WASHINGTON (PAI) – The American Federation of Teachers is launching a campaign to expose the for-profit charter school industry as more interested in high pay for its CEOs and profits for its stockholders than it is in teaching kids.
In studies and personal testimony gathered at a section of its website, the 1.4-million member union rips the veil off the profitable firms, their Republican and conservative political backers and – most importantly – how educational tests show virtually no difference between the charters and the public schools.
The website Cashinginonkinds,com “identifies several issues that need to be addressed in charter school policy, including public control, equity, transparency and accountability, and it analyzes the impact of profit-taking and privatization in charter schools, where student results are mixed and mismanagement is widespread,” the union says. The site examines five big for-profit charter school chains.
“For-profit charter schools that operate in the dark without basic public transparency and without strong public control too often put their bottom line ahead of the public interest and high-quality education,” AFT President Randi Weingarten explains.
The charter school movement, along with vouchers, are a favorite way for the radical right to attack public schools in general and teachers’ unions in particular. The charters angle for public subsidies by promising better results, especially for low-income parents, than public schools. They also siphon off millions of taxpayer dollars from the public schools, making the financial crisis at those schools, especially in inner cities, even worse than before.
The for-profit charter schools also trade on conservative political connections to get their cash, AFT says. Former GOP Florida Gov. Jeb Bush is the “poster boy” for the for-profit charters on the union’s website. And other examples of political influence-peddling are rife.
For example, one of the five big chains, Academica, which dominates the Florida charter school landscape, trades on close connections with the GOP state legislative majority to get its cash, the website reveals.
“Erik Fresen, the brother-in-law of the company’s CEO, not only has financial connections to the charter operator through his architectural firm, but also chairs the House Education Appropriations Subcommittee. Previously, Fresen worked as a lobbyist for Academica in the state,” it notes.
“Fresen isn’t the only Florida legislator with ties to the company. State Sen. Anitere Flores is the CEO of Doral College, a private college affiliated with a charter school run by Academica. The company’s owners curry additional favor through campaign donations. In a 2011 investigation, the Miami Herald noted that Academica’s owners, Fernando and Ignacio Zulueta, steered $150,000 in campaign donations to Tallahassee lawmakers and political committees through real-estate companies they control since 2007 and the Zulueta family has donated a further $75,000 in the past five years.
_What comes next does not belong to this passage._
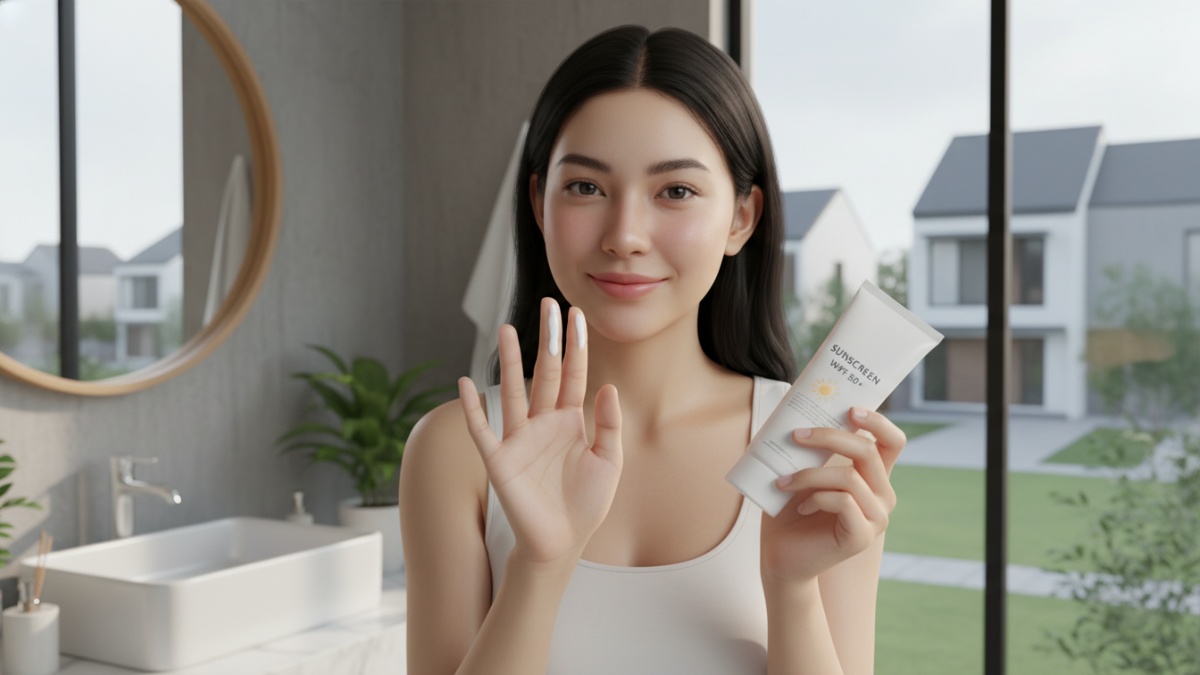 : langkah menggunakan sunscreen dengan teknik dua ruas jari untuk wajah. 
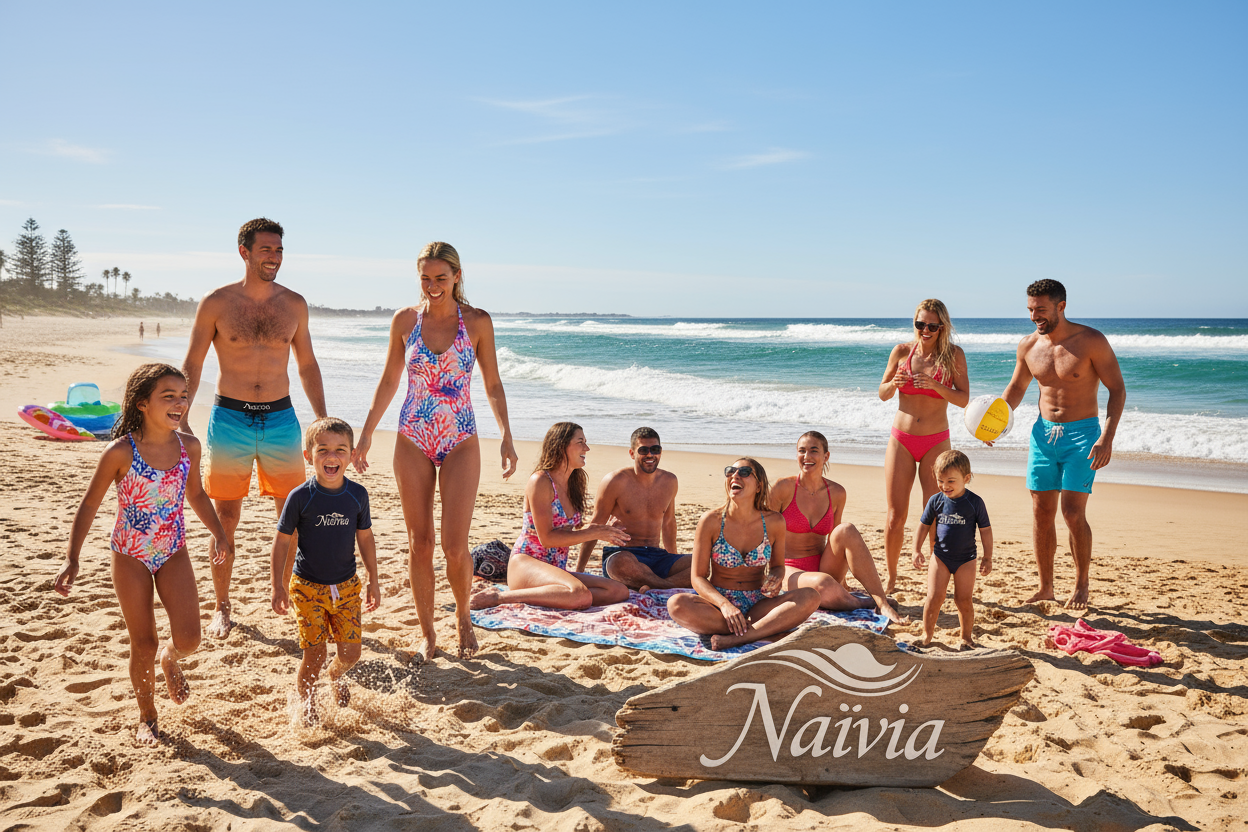 Australian beach scene with Naïvia Swimwear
“Academica executives and school contractors donated a further $54,000, records show. During that time, the legislature relaxed rules limiting the size of charter school networks, and passed a law promoting ‘high-performing’ charter school systems – reforms that could benefit Academica as the company expands.”
Whether Academica and the other four big charter school networks benefit the students they claim to serve is another matter. The Miami-Dade school district found in 2009 that Academica was “creaming” students from the area public schools, not helping students who needed aid the most. “The report found advanced students were nearly twice as likely to transfer to schools in the Mater and Doral networks of schools [run by Academica] as to continue in their home schools,” the district added.
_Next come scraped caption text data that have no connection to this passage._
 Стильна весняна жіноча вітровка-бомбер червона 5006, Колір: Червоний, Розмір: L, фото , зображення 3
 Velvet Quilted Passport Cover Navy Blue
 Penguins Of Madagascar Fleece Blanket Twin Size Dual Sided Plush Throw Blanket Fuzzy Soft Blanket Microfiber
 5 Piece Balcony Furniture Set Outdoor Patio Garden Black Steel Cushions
And studies of charter schools – non-profit and for-profit – in Milwaukee, Cleveland and Washington, D.C. show mixed results at best for students in the charters, compared to those in neighboring public schools. The AFT website also points out that the for-profit charter school systems spend a lot on marketing and pay their CEOs millions.
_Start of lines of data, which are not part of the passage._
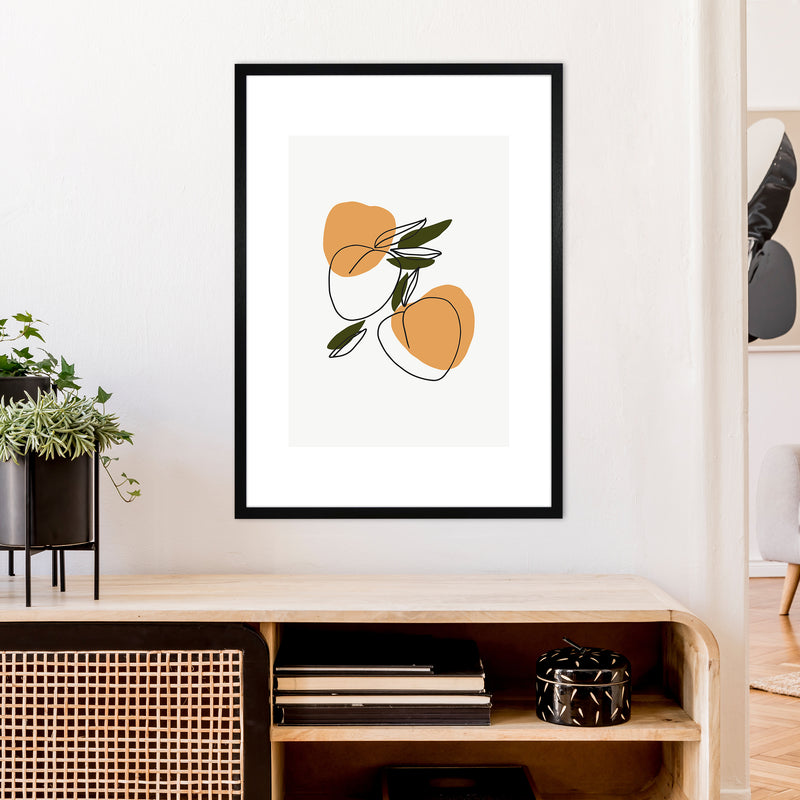 Mica Apricots N3  Art Print by Pixy Paper A1 White Frame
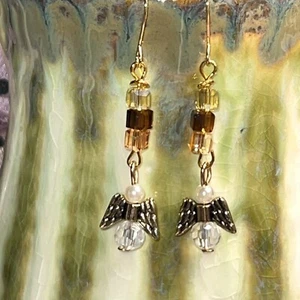 Gold Tone French Hook Etched Angels Charms Dangle Earrings. Heaven. White S755 - Picture 1 of 3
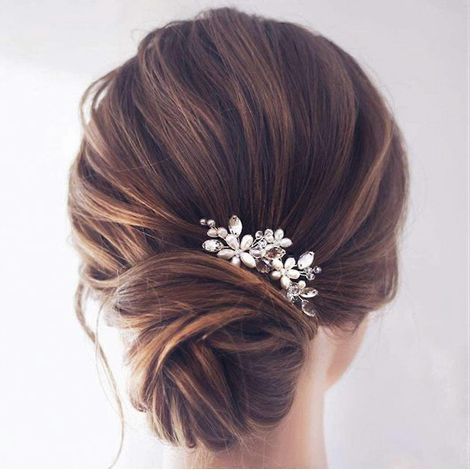 2pcs pingles  Cheveux pour Marie Accessoires pour Cheveux Perles Accessoires de Cheveux de Marie Marie Mariage Peigne Pour Femme et Fille Or Rose (1/5)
K12, a for-profit charter chain that operates in 27 states and D.C., reported $708.4 million in revenue in 2012, up from $522.4 million in 2011. Profits rose by $20 million, to $87 million. CEO Ron Packard got $3.9 million in compensation that year, down from $5 million in 2011. USA Today reported K12 spent over $20 million in the first eight months of 2012 alone on marketing. The for-profit charters also push teachers to market, not teach, the AFT says.
Former K12 teacher Darcy Bedortha told Education Week that during her 15 months as a lead teacher at a K12 school, “At first the marketing focus of conversations” at required national staff meetings “turned my stomach, and then it made me furious.”
“The conversation was never about how our students were struggling, how we could support those trying to learn the English language, how we could support those who were homeless or how we could support those with special needs. It was never about how we could support our teachers.
“It seemed to me like the focus was often about enrollment, about data, about numbers of students who had not taken the proper number of tests, about ranking schools and ranking teachers. And there was marketing: How to get more children enrolled, how to reach more families, how to be sure they were pre-registered for next year, how to get Facebook pages and other marketing information ‘pushed out’ to students.
“State-level staff meetings were not much better. Teachers were occasionally bullied and disrespected…During one meeting, to force students to take yet another standardized test, it was suggested we lock students out of their classes until they completed the tests. I spent days each week trying to keep my seniors engaged and working in their classes, they were hanging on by their fingertips, and I knew that if pushed, they would simply give up.”